Котенок преданно смотрел на своих новых друзей уцелевшим глазом, трогательно подергивая хвостиком, похожим на морковку.
– И правда хорош, – согласился Кирилл. – Как мы его назовем?
– Питер… Нет, Шмуэль…
– Сильвер, – предложил Кирилл. – Раз одноглазый…
– Сильвер был одноногий, – тряхнула челкой Хелен. – Но мне нравится – пусть будет Сильвер!
Препирались недолго, и Сильвера забрал к себе Кирилл. Родители Кирилла держали кота, на него было специальное разрешение, без которого нельзя было заводить домашних животных. Они с Хелен купили котенку шикарный вольер и когтеточку – на будущее, когда поправится. А потом Кирилл пригласил ее отпраздновать событие.
Хелен заскочила домой, сменила полувоенные штаны и футболку на платье, и они отправились в ресторан. В Центральном парке, чуть в стороне от прогулочных аллей за ботаническим садом, среди кипарисов располагался небольшой ресторанчик в итальянском стиле. Полногрудая официантка принесла бутылку красного вина, изящные хрустальные бокалы. Кирилл открыл бутылку, разлил вино по бокалам.
– За любовь к животным! – Он поднял свой бокал.
– За животных, которые лучше людей!
Хелен отхлебнула и поверх бокала посмотрела Кириллу в глаза. Себе-то уж можно признаться – темно-карие глаза Кирилла ей нравились, и чем дальше, тем больше. У него был очень теплый взгляд. Когда они встречались глазами, у нее кружилась голова, а мысли о вербовке куда-то улетучивались.
– Бывают люди хуже животных.
Кирилл поставил бокал на стол, отвернулся, уставившись невидящим взглядом в заросли шиповника. Лежащая на столе рука сжалась в кулак. Хелен посмотрела в резко изменившееся лицо спутника и осторожно взяла его за руку.

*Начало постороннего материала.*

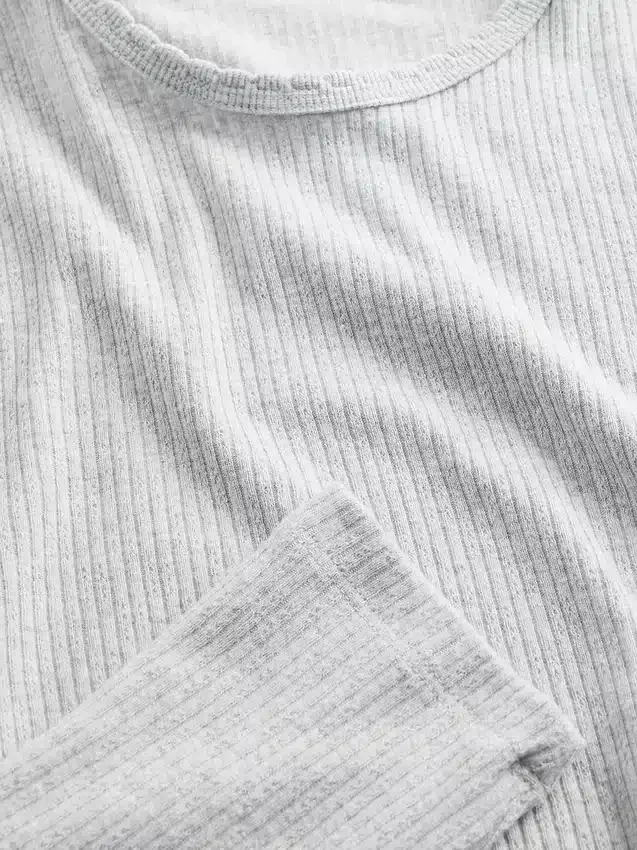 T-shirt en maille côtelée pointelle
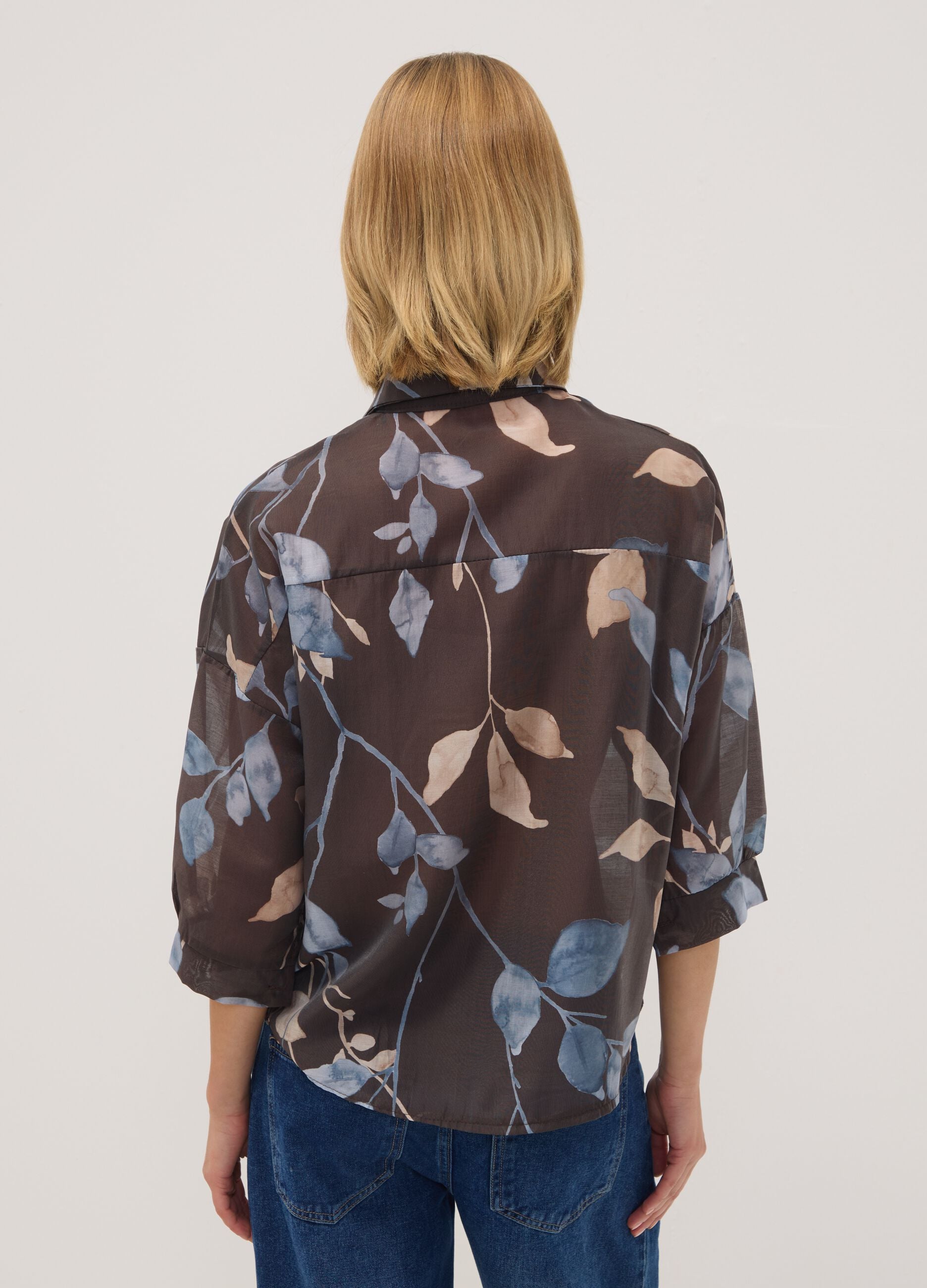 Brown lyocell-blend regular-fit shirt with foliage print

– У тебя на руке шрам… Не расскажешь, откуда?
Кирилл высвободил руку, спокойно произнес:
– Ты лучше о себе расскажи. Мы столько всего обсудили, а я до сих пор ничего о тебе не знаю.
– Я обычный человек, а может, и не обычный… Или стану необычной. Мир меняется, и мы меняемся вместе с ним, – Хелен улыбнулась.
– Понятно, вопросы в лоб придется для другого случая поберечь, – Кирилл улыбнулся в ответ. – Да, мир меняется, очень быстро меняется. За ним трудно успеть… А может, не нужно успевать! Я вот иногда сомневаюсь…
– Я знаю, в чем ты сомневаешься. – Хелен отсалютовала бокалом. – Ты сомневаешься в правильности происходящего. Ты смотришь, куда катится мир, и говоришь себе: а туда ли он катится? Так?
– Определенно, – кивнул Кирилл, не сводя глаз с Хелен.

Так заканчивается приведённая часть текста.